FIRST NATIONAL BANK LTD (WESBANK DIVISION) V MOOI NO & OTHERS (2009) 30 ILJ 336 (LC)

9. The mere wording within a contract, saying in Full and Final settlement does not in itself, constitute a waiver of rights.

MOFOKENG AND KSB PUMPS (2003) 24 ILJ 1756 (BCA)

10. For the elements of duress required in setting aside or rescinding a contract, one or more of five elements must be present.
i) Actual violence or reasonable fear.
ii) The fear must be caused by the threat of some considerable evil to the party or his family.
iii) It must be a threat of an imminent or inevitable evil.
iv) The threat or intimidation must be contra bonos mores.
v) The moral pressure used must have caused damage

BROODRYK V SMUTS NO 1942 TPD 47

11. In the alternative to duress, undue influence might have been exercised over the person. Undue influence is an accepted doctrine in South African law.
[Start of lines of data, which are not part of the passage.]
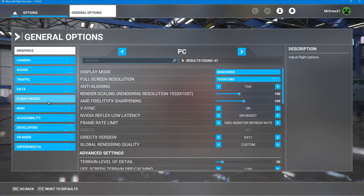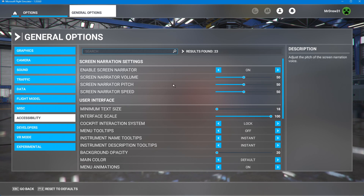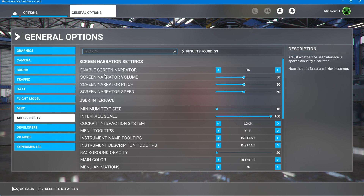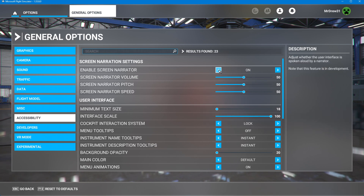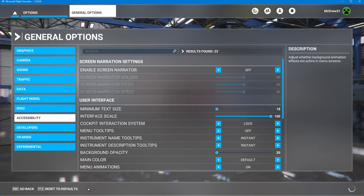Then once you are here, go to Accessibility, and from here go to Screen Reader. Go to Screen Narrator settings, and then set Screen Reader to off. Then click Apply and Save.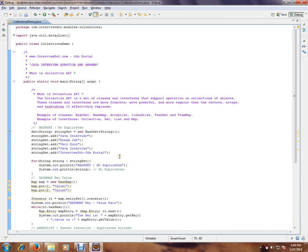So these are the important points about Collections API. Hope this video is useful. Thank you and all the best.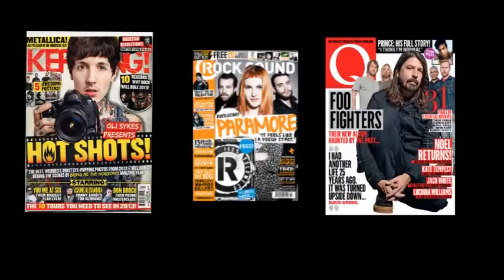One of the main things about the magazine is the mise en scene. This includes the setting and the position of the main image, which is usually a band or artist — on Q it's Dave Grohl, on Kerrang it's Oli Sykes, and on Rock Sound it's Hayley Williams from Paramore. The lighting and the dress of the artist are also important, as the stance of the artist and the band is a connotation of the genre.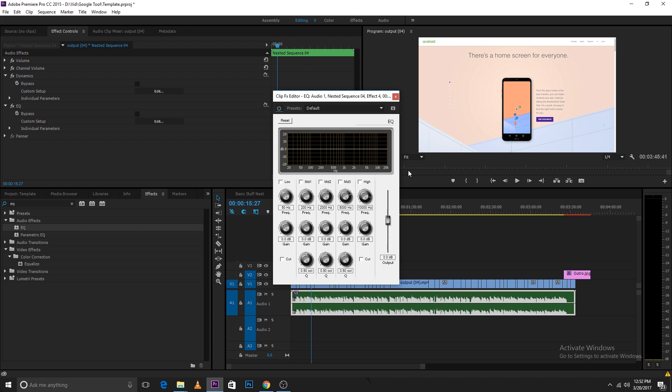When you have added it you'll have this option. Tap on the edit button. These are the frequency of sounds that you have to edit. Tap on all of them.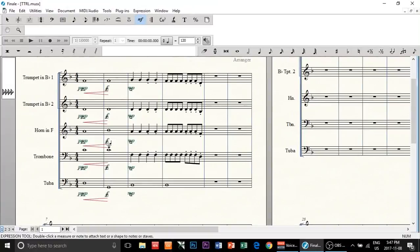Hello guys! Today I've decided to make a tutorial on how to play back your piece through your Kontakt 5 library. I decided to do that because I couldn't find answers online that particularly concentrate on Kontakt 5 and Finale. So hopefully this is going to be helpful.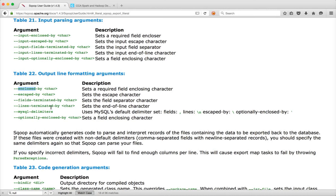If there are any questions on Sqoop export and you are running into issues related to delimiters, try adding these parameters as well to move forward.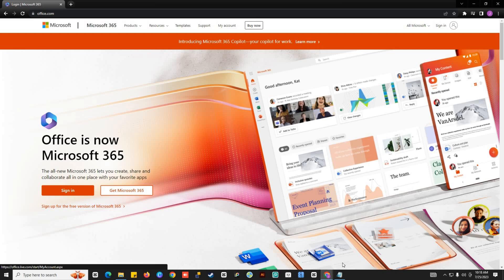After that, you can install fresh Microsoft Office from the Microsoft Office portal. I will leave the link in the description below on how to install Microsoft Office.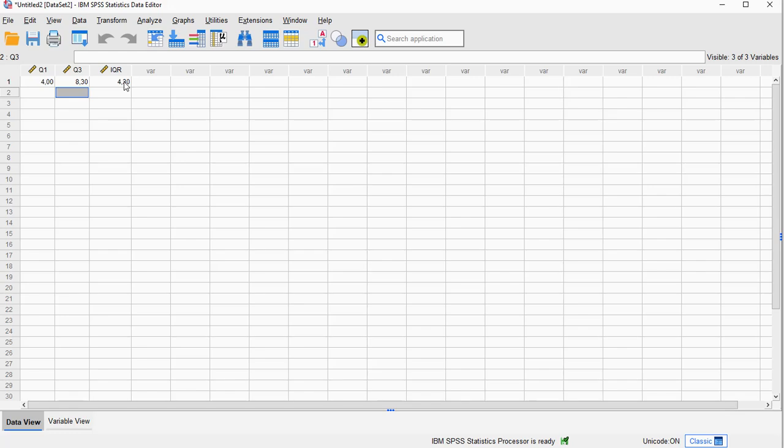Sometimes this is referred to as the H spread, but that depends on if you're actually using Tukey's hinges, for example.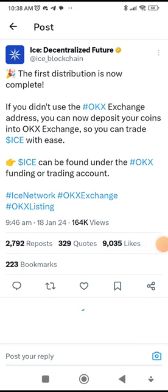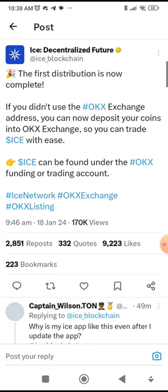The most recent news from Ice Network is that the first distribution is now complete. If you didn't use the OKX exchange address, you can now deposit your coins into OKX exchange so you can trade ICE with ease. ICE can be found under the OKX funding or trading account. Now some of you may have not received yours yet, but it is done — you're going to see it if you use the OKX exchange wallet or whatever wallet you use, just make sure to check there.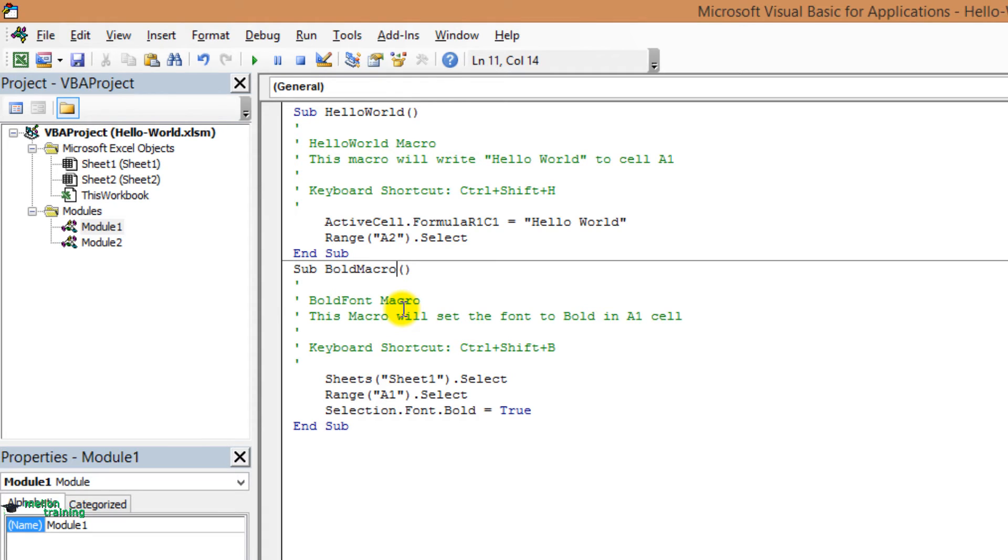We also explained in previous lecture that placing a single apostrophe in front of any text creates a comment and turns the text green. Let's delete these lines.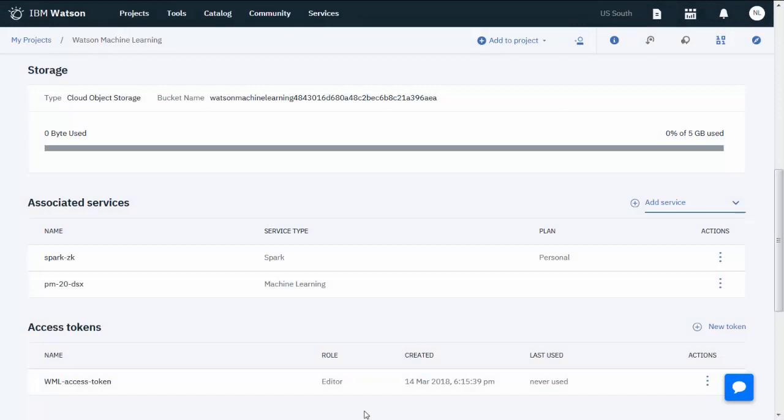For this video, there is already a Watson Studio project with the Watson Machine Learning, Apache Spark, and Object Storage Services associated. If you haven't done that yet, first watch the video showing how to create the project in the IBM Watson and Cloud Platform Learning Center.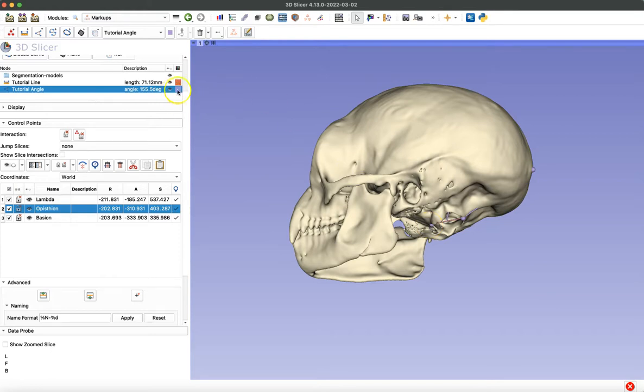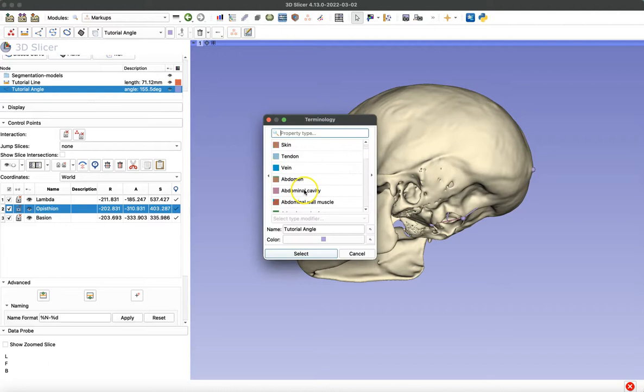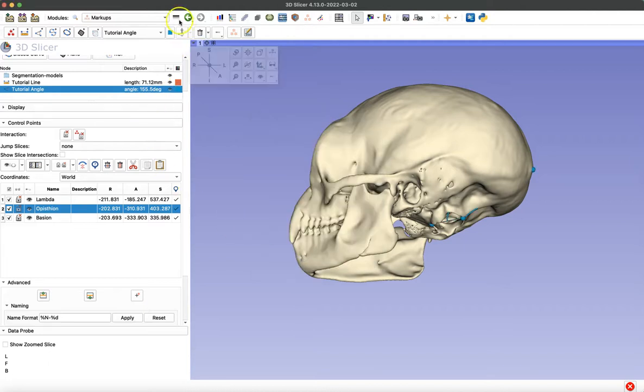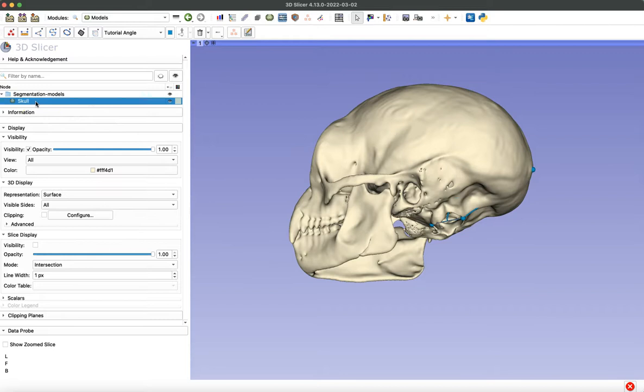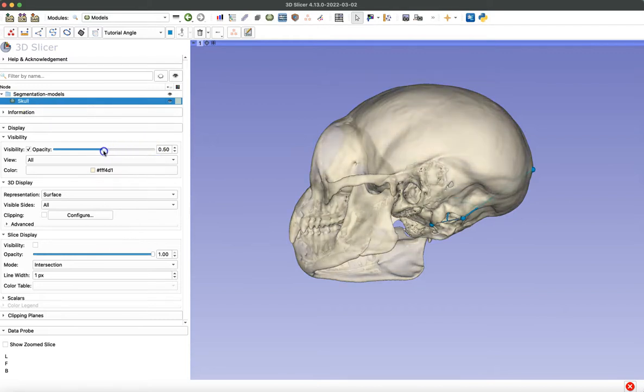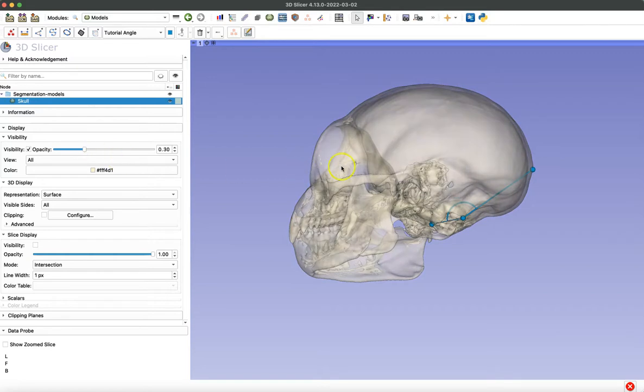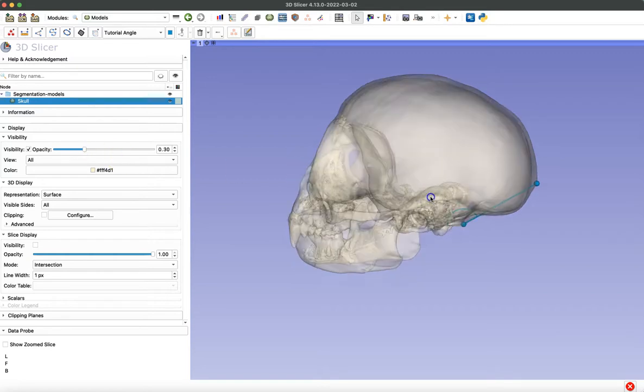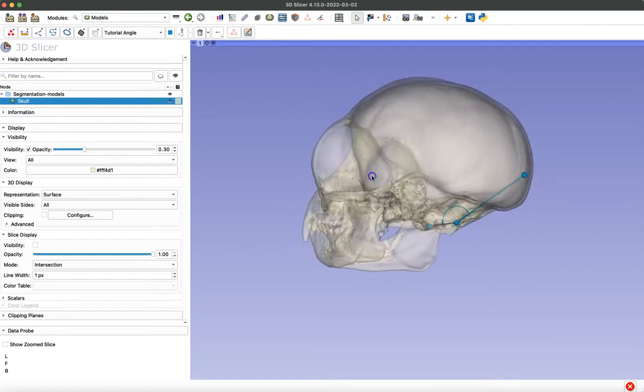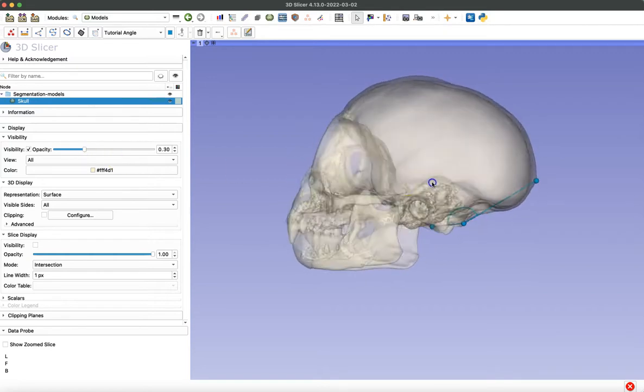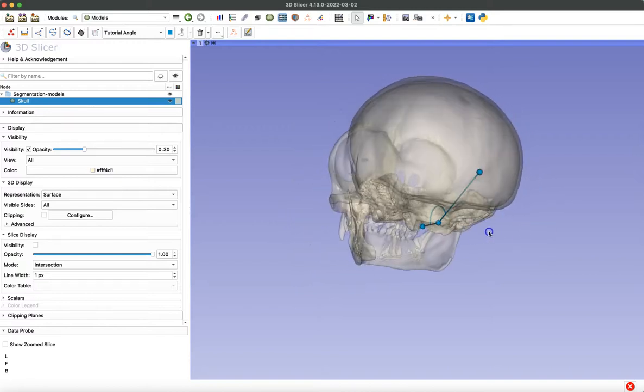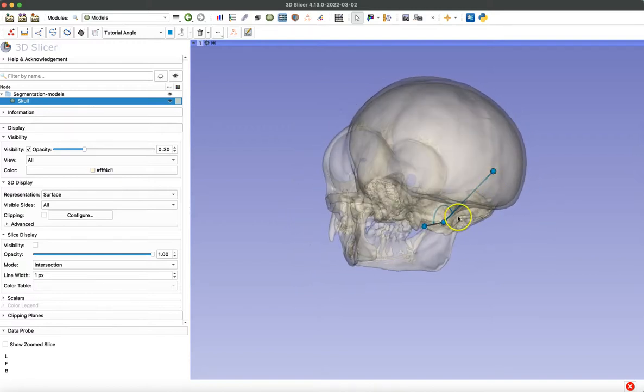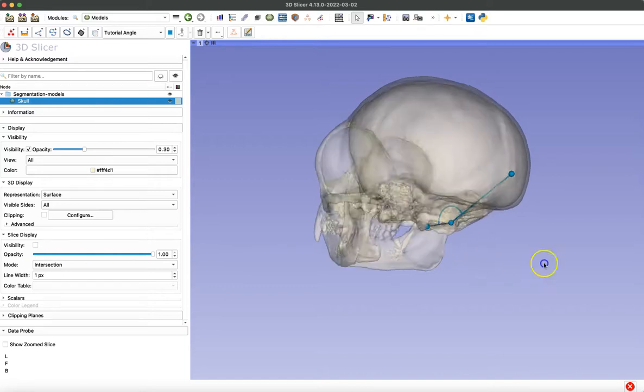I'm going to change the color of that angle we just created and navigate to the models module. Select the skull model that we already have and adjust that opacity so that we can see our angle better. And this is a good tool for creating images of your data or of your workflow process. So now we can see that that angle has changed to be lambda, then Epistheon, then Bayesian. Exactly what we wanted.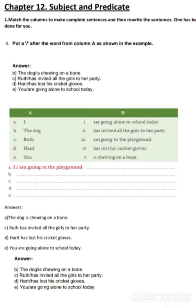So, students, in our very first exercise, you have to match the columns to complete sentences and rewrite. In the first column, you have different subjects like I, the dog, Rat, Harith and you. In the B column, you have the rest of the part of the sentences. Now, what you have to do is identify the subject of the particular predicate.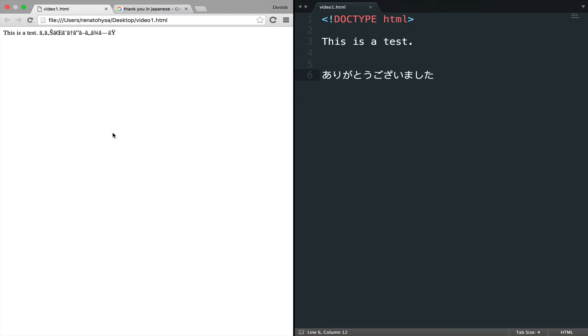To fix this, we have to use charset along with UTF-8. UTF-8 covers almost all of the characters and symbols in the world.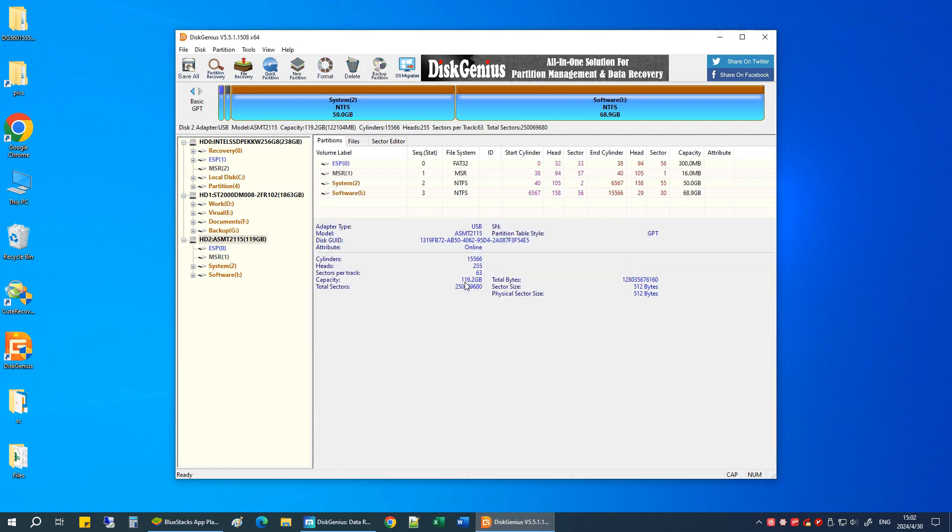A drive letter will be assigned to the partition, and you can access the partition in Windows again.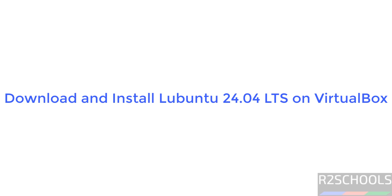Hello guys, in this video we will see how to download and install Lubuntu 24.04 LTS version on VirtualBox.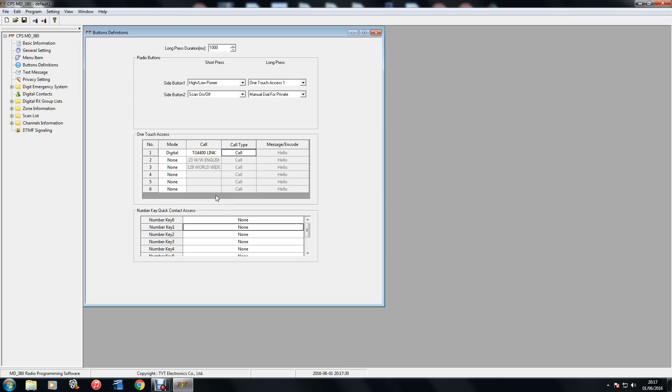I've just set mine up so that when I long press side button 1, the top button, I go straight to reflector 4400. So when you're actually using the radio, you're holding side button 1, that's the top one, and it instantly says connect to reflector 4400. And if I press the press to talk button, that will connect me immediately, providing no one's talking.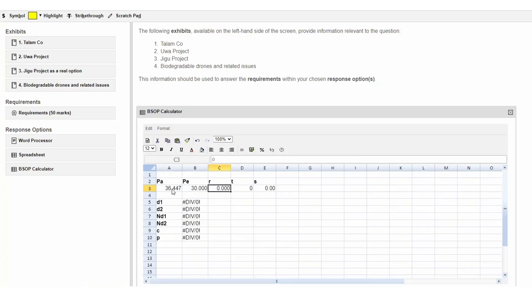The risk-free rate should be entered as a decimal. The time period should be in years. And the volatility figure as a decimal.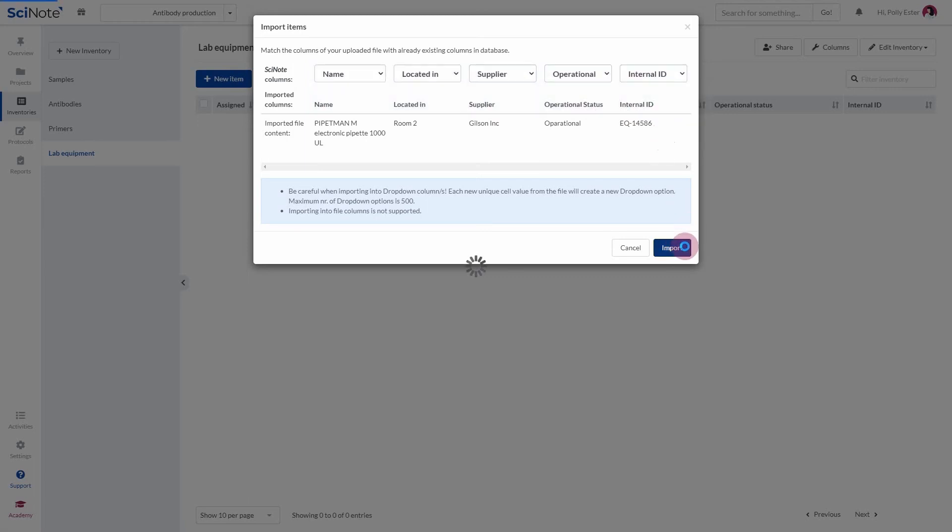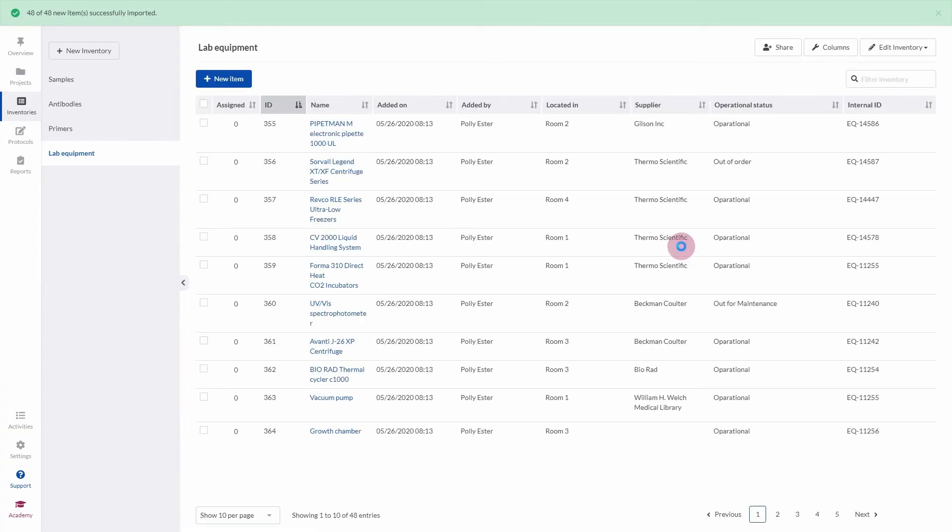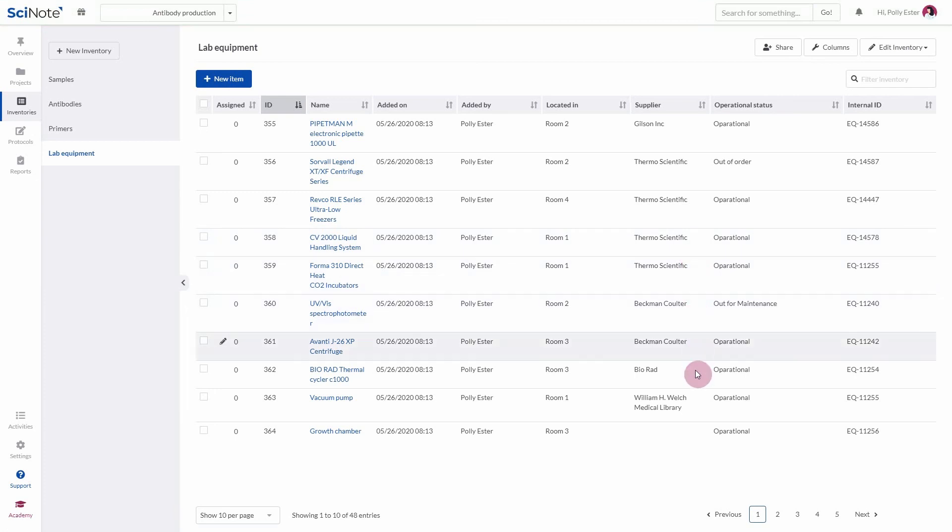Please note that it is possible to upload 2000 items at once from a file, so if you have a very large database of items you would like to upload, please split it into parts accordingly.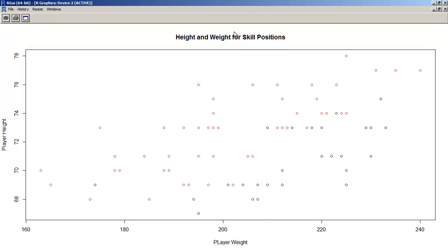Looks to be some sort of trend moving up as you head to the right here. But what I couldn't tell you is which dot belongs to which color. Now I know this because I know that the red dots are wide receivers and the black dots are running backs. But somebody just handed this plot would not know what they were seeing. And so that's exactly what a legend is for: to show you what the symbols mean.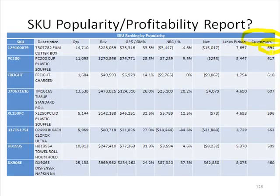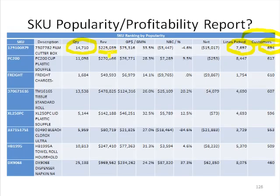694 customers bought this on many different occasions, generating this number of line items picked. Here's the total quantity of film cutter boxes that were picked. The grand total sales were $225,000, generating $75,000 and change in margin dollars — a pretty good margin percent at 33.5%. But the loss after the cost of taking care of all these picks, net before compensation, was a loss of $3,400.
If a party proves undue influence was exerted the contract must be set aside. The demonstration of undue influence is ascertained if one of the following factors exist:

i) the other party exercised influence over him
ii) that this influence weakened his powers of resistance and made his will pliable
iii) that the other party exercised his influence in an unscrupulous manner in order to induce him to consent to a transaction which firstly was to his detriment and secondly which he with normal free will would not have concluded.